Mapping time in connection to the past and future, Akashi’s new series of photographs are made from large astronomy glass plate negatives taken by telescopes. Focusing on nebulas, this body of photographs consists of contact prints that document the creation and dissolution of star formations. In NGC 7293, known commonly as the Helix Nebula, the gaseous body of a star is pictured as it slowly loses its outer layers to the cosmic landscape. The infinite vastness of these cosmological landscapes mirrors the cyclical nature of the geological particles presented throughout the exhibition, while simultaneously observing the incomprehensible notion of deep time.

In the adjacent room, a large bronze thistle hangs from the ceiling; its prickly surface and threatening bloom is adorned with small lights. Underneath this work, a crystal cast of the artist’s torso is engulfed by a thorny bronze cage-like structure. These works collapse the boundary between protection and pain and represent the necessary difficulties that inspire new growth.

Born in 1983 in Los Angeles, Kelly Akashi currently lives and works in Los Angeles, California. The artist graduated with a MFA from University of Southern California in 2014. Akashi studied at the Staatliche Hochschule für Bildende Künste - Städelschule in Frankfurt am Main and received her BFA at Otis College of Art and Design in 2006.

Currently, Akashi has a major solo exhibition at the San Jose Museum of Art entitled Formations. The exhibition will travel to the Frye Museum of Art in Seattle and the Museum of Contemporary Art San Diego. Upcoming in September, Akashi will present a commission project at the Henry Art Gallery in Seattle. In 2020, Akashi had a solo exhibition of a commissioned sculpture, Cultivator, at the Aspen Art Museum and in 2017, she had a significant solo exhibition, Long Exposure, at SculptureCenter in New York.

Winner of the 2022 Art + Technology Lab Grant at LACMA, Akashi also received the 2019 Carolyn Glasoe Bailey Foundation Art Prize and completed a residency at the foundation in Ojai, California.
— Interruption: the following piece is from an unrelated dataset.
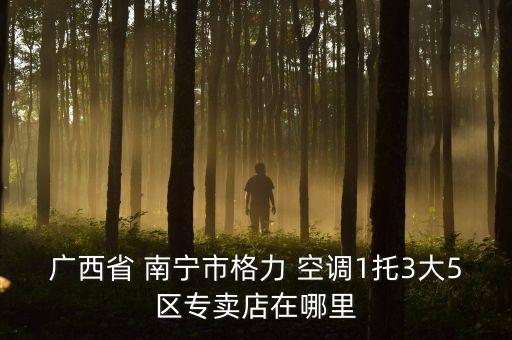 广西省 南宁市格力 空调1托3大5区专卖店在哪里
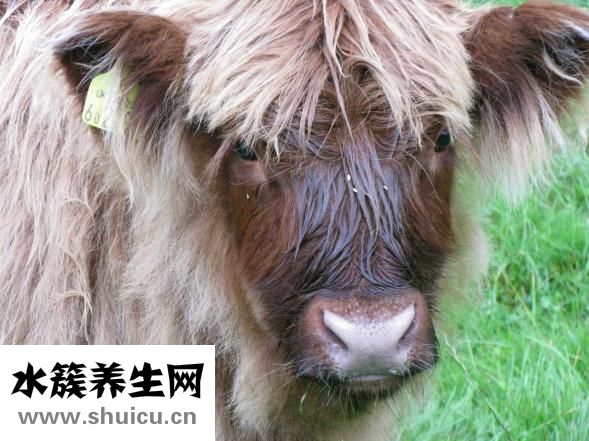 肉躁怎么做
Other residencies include ARCH Athens, Greece (2019) and Headlands Center for the Arts, Sausalito, CA (2019), both of which concluded with a solo exhibition.

Notable group exhibitions include Ground/work at the Clark Art Institute (2021), Possédé·e·s at MoCo Montpellier Contemporain, France (2021), Brave New Worlds, Palm Springs Art Museum (2019), Made in L.A., Hammer Museum, Los Angeles (2016); Museum of Contemporary Art, Detroit (2017); LA: A Fiction, Musée d’art contemporain de Lyon, France (2017); Take me (I’m Yours), Jewish Museum, New York (2016); Can’t Reach Me There, Midway Contemporary Art, Minneapolis (2015).

Kelly Akashi’s work can be found in the permanent collections of the Brooklyn Museum, New York; Los Angeles County Museum of Art, Los Angeles; Hammer Museum, Los Angeles; Museum of Contemporary Art, Los Angeles; San Jose Museum of Art; Walker Art Center, Minneapolis; Museum of Contemporary Art San Diego; CC Foundation, Shanghai; X Museum, Beijing; The Perimeter, London; David Roberts Art Foundation, London; Sifang Museum, Nanjing, among others.